Tuesday, March 2, 2010

Learning to Live with Professionalization

In his new book, The Marketplace of Ideas, Louis Menand -- Harvard English professor and New Yorker contributor -- confronts four of the most contentious issues in higher education in separate essays: core curriculum reform, the declining influence of humanities departments, interdisciplinarity, and the predominance of liberal political beliefs among professors. All are worth reading, even if they are rather obviously focused on the navel-gazing preoccupations of humanities types rather than the academic community generally. The first essay, on the creation of general education curriculum guidelines for all undergraduate students, was the most interesting.

Menand calls general education "the public face of liberal education," where universities attempt to distill some core beliefs about what it is to educate a college student down into core requirements for all students. Some of the most interesting parts of this essay involve the history of core curriculum development and the establishment of undergraduate education as a unique goal for colleges. One revolutionary change arrived when Charles William Eliot became president of Harvard in 1869. Prior to his tenure, students could enroll in Harvard's law and medical schools with few prerequisites, such as a BA. Eliot pushed through a new framework requiring undergraduate degrees for enrollment in these schools, which both professionalized advanced learning and emphasized a new philosophy of undergraduate education:
The collegiate ideal, [Eliot] explained in his Atlantic Monthly article, is "the enthusiastic study of subjects for the love of them without any ulterior objects." College is about knowledge for its own stake -- hence the free elective system, which let students roam across the curriculum without being shackled to the requirements of a major. And this is the system we have inherited: liberalization first, then professionalization. The two types of education are kept separate.
Today, I'm not so sure this is the case. Some of the recent statistics that Menand cites show a trend away from disinterested learning and toward vocational training. Consider the subjects bachelor's degrees are conferred in: business (22%), education (10%), and health sciences (7%). If engineering students are thrown in, close to half of all undergraduates degrees are already, to a great extent, "professionalized."

Despite being a liberal arts brat (and BA) myself, I don't see this as, prima facie, a bad thing. After all, leaders in every field rarely pass up a chance to remind us that the U.S. is in dire need of more engineers, nurses, and teachers. (Sorry marketing majors, we've already got plenty of you.) Popularity in these fields -- and universities' provision of the majors -- is really a response to technological change and demand for an increasingly professionalized workforce.

But at the same time, the huge shift away from the liberal arts and sciences betrays a lack of intellectual curiosity, a lack of self-confidence, or both. If it's the former, then most students no longer have passion for study without "ulterior objects." And if it's a lack of self-confidence we're seeing, it's manifested in smart students' fear that majoring in something non-professional will undermine their employment prospects or -- if they're really unsure of themselves -- their future productivity. Which is nonsense. The skills and intellectual abilities needed to succeed in the liberal arts (analytical writing, rigorous objective and subjective thought, comfort with abstraction) are necessary and often sufficient for success in all fields. Business majors in particular should read carefully: you can be a bright philosophy major and still become a successful businessperson after graduation.
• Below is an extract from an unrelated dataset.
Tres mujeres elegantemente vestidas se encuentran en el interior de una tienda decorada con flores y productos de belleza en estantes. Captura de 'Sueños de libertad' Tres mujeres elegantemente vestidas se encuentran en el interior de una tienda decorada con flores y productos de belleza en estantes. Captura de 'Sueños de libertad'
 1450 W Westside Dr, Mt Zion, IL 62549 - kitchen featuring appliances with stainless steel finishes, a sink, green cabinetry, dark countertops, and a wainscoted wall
Which brings us back to the core curriculum idea. Undergraduate cores are dominated by the liberal arts and sciences, which themselves house the suite of general knowledge that all so-called "educated" persons should know and also demand/bolster the reasoning skills most useful in private, professional, and citizen life. Louis Menand, who is an academic, seems to imply at various points in his book that liberal arts are really most useful for educating academics, the "producers of knowledge." (While Menand is intelligent enough to acknowledge the value of undergrads and non-academics, others are not so open-minded. Witness former Columbia provost Jonathan Cole's pitiful performance on Charlie Rose last night, where he all but scoffed at undergraduate education as being a valuable goal for universities.) But knowledge is also produced in vast quantities outside of academia, and therefore even the professionalized majors like education, nursing, and business should require the same liberal arts core as other concentrations. That way, these more specialized, vocational students can still develop abstract reasoning and quantitative skills that will allow them to innovate in their fields.

Speaking to Menand and Jonathan Cole, I would say, "Academics don't produce knowledge, smart people produce knowledge." Universities should be more than factories for producing new professors; they should equip all students with the intellectual self-confidence to handle any profession they might choose. Insofar as professionalized undergraduate programs exist, this muddies the message that mental abilities are more important than a specific stock of knowledge. Forcing these vocational programs to participate in the same liberal arts core as all other students would signal the latter's necessity to a purposeful undergraduate experience, and provide a major lift to the "public face" of higher education.